# Some delicious copypasta!



## Diagaro (Nov 17, 2010)

This is not my work, yes i stole it from someones website. I'm still exploring the site but it seems to be more geared towards the yuppie traveler with bleach blond hair and a 300 dollar samsonite suitcase and daddys money paying there way.

I like the legitimizing of my use of hte term "tramp" I say it all the time, go a short distance or far I say I'm "on the tramp" lots of people say "what?"
fuck them too
original website here







Hobo

Hoboes is a name coined for men and women, but almost exclusively to men that travel as migrant workers or left their friends and family in the depression or after wars when there was no work for them in their home cities. They either in many ways left to go look for a job or just to avoid the stress and strains of life in a family where they could no support their families because there was no jobs. They would maybe jump on a train, and ride in a boxcar to the next city to find a temporary job where they was building a large building, or some other temporary job like picking strawberries for the season.

Hoboes do not like to be labeled or to have people talk for them, they are an independent lot and they really do not fit into an categories. The ones that actually call themselves Hoboes have a sort of code of the road that they adhere to or are aware of, and this code is some ways enforced or not enforced. The Hobo is penniless and poor, and lives by his or her wits from a day to day existence and the future is not important because they have to normally make the cheap choice, and not the best choice.

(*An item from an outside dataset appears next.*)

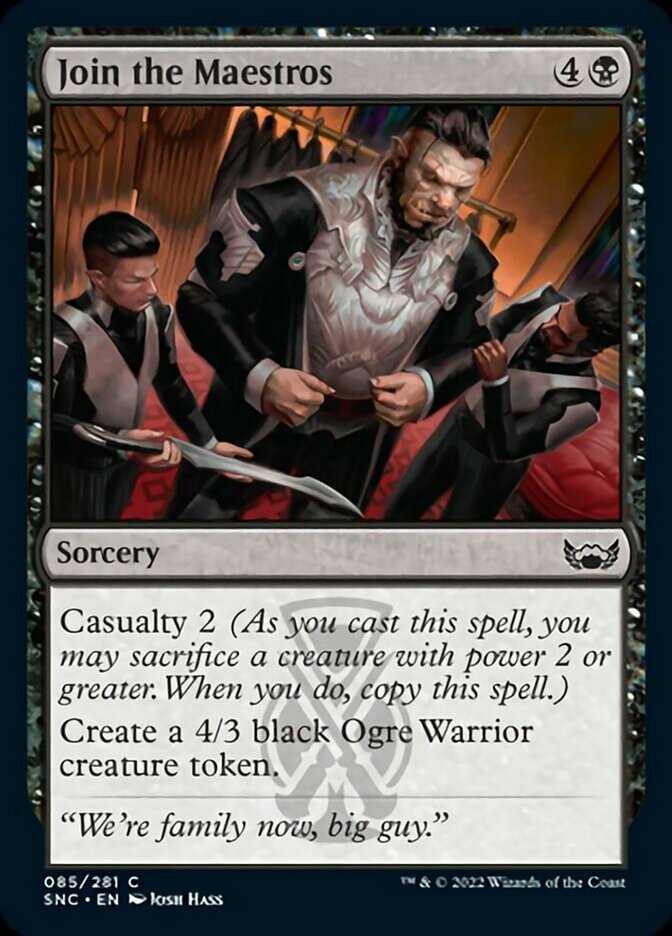Join the Maestros - Foil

They are pragmatic and accept the reality that they are not rich and they must accept the way they must travel from place to place.

There is a love of Hoboes for the trains. Train hopping is almost synonymous with being a Hobo and although there is no hard cored connection that says a Hobo must travel by train, it is the customary or common way for a Hobo to travel. In the early years of transportation in the USA the easiest, quickest, and most convenient way to travel was by rail so there became a Hobo culture that had its community centered around the trains and living close to the railway. They would set up camps close to train tracks and live in these camps waiting for the next train, or working at a local job, and ready to leave whenever they heard the sound of the train whistle.

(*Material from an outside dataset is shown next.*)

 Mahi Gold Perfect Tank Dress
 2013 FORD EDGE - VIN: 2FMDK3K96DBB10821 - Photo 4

Life for the Hobo was harsh, and brutal in many ways, it was not the life for the weak of will, or the person that could not tolerate some bad conditions. They did what they had to do to survive and this was not always the best of ways. A Hobo was in many ways a good family man that ran astray and did not know how to compete in the world of normal jobs, and especially when the ravages of war or the depression took away their jobs, and threw them into the road. So there is a resourcefulness to the idea of being a Hobo that says you will survive by doing what you have to do.

Hoboes were both loved and hated by people. Maybe there is the "but for the grace of God, there goes I" mentality, and back to the basic idea of human nature. People take care of each other in the end. If the time really get bad, and there is a common bound of misery, or poverty people can share, but they can also be cruel and mean. Life is not always so good for the Hobo, you do not just fit in like the rest of the people, and how do you ever get up to normal standards of the community by getting a good shower, a clean bed and cloths when you are living in boxcars or traveling for days, and the last meal you had was not remembered clearly.

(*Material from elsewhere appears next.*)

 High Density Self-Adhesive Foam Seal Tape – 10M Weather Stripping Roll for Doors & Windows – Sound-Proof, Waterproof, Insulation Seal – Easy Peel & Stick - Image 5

Hobo is almost exclusively used by the American culture and small amounts by the British, Australian, or New Zealand cultures. Basically it is an American originated word and adopted or utilized by other English speaking countries. It is part of Americana and the world of being a rag muffin immigrant land where people had traveled to for the dream of golden streets, and land of plenty, but there was not always a way to live. The American dream although not achieved by the Hobo, was still professed, and understood at it more essential end. Being a Hobo in America was about the ability to claim the American dream in the end by saying,

I be Hobo, I be FREE

So the love of freedom and the wonder or wanderlust of the Hobo as led them to explore the places the rest of the world did not go and often did not want to go, but also help them to understand real freedom.

I did no justice to the Hobo, and I am just a traveler without a home. I appreciate their free spirit, but also understand the loneliness, and possibly the life of a Hobo with no future. There are lot of Hoboes in the world that neither can return to their homes, do not remember how to return home, and when they do return, find they must leave for the road calls, and they only feel complete when they are traveling.

Andy HoboTraveler.com March 14, 2004 - Mongolia

OTHER EXPLANATIONS:

HOBO
- hobo hoboes hobos hoboing
One who wanders randomly from place to place looking for temporary homes, and jobs.
Origination Unknown, but is folkloric now.
In the depression people would go to other cities to get, or search for a job. by traveling in the cheapest way they could. Example: Jump in a train car. They seem to "Never go home" again. Like the life of the wanderer, or rover.

QUOTE
A Hobo is a person that travels to work.
A tramp is a person that travels and won't work.
A bum is a person that will neither travel or work.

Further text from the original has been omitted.